- _Exercise details_
All lines from the one that has "Sneakers B Lightyloo" onward to the end of the records below are to be returned exactly; pictures are to be skipped.

- _Materials provided_
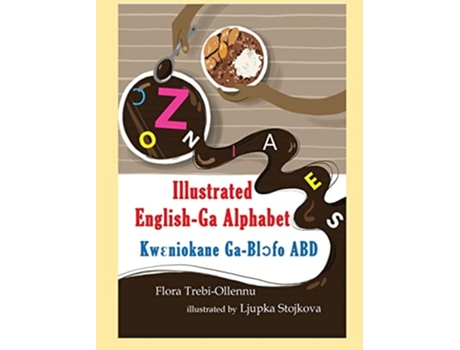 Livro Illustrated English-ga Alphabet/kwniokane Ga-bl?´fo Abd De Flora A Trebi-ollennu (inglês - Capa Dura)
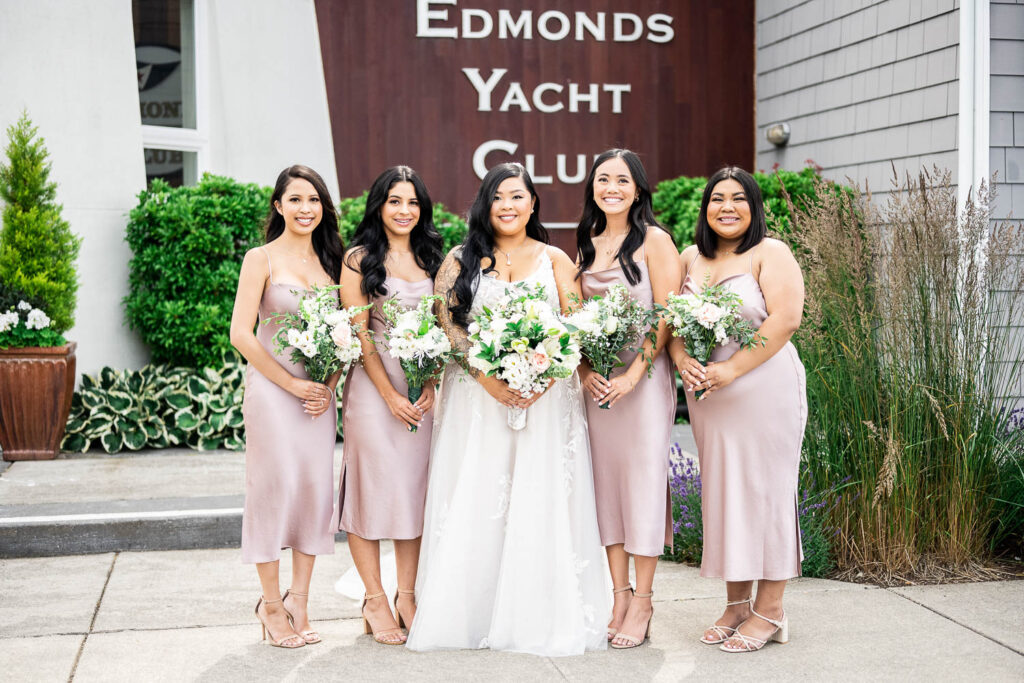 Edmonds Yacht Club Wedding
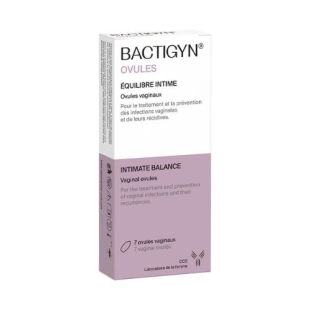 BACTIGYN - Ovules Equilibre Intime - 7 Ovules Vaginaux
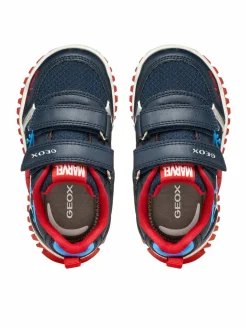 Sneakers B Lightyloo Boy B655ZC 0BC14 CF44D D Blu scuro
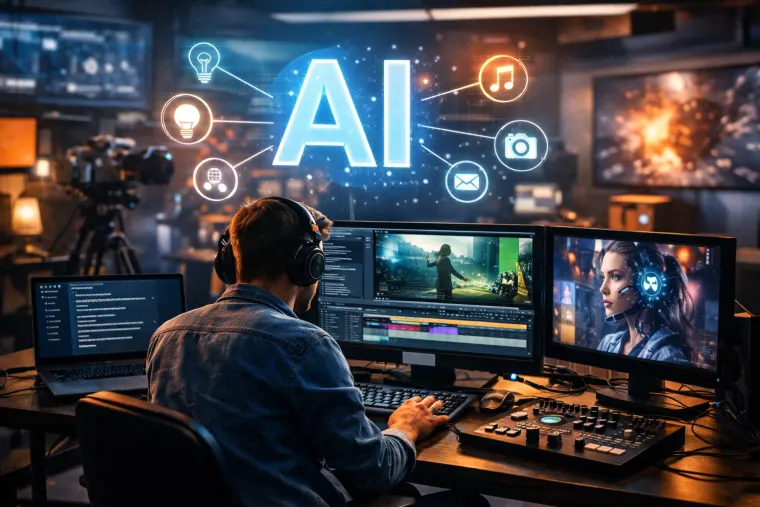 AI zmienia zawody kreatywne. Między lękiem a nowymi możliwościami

- _Exercise solution_
 Sneakers B Lightyloo Boy B655ZC 0BC14 CF44D D Blu scuro
 AI zmienia zawody kreatywne. Między lękiem a nowymi możliwościami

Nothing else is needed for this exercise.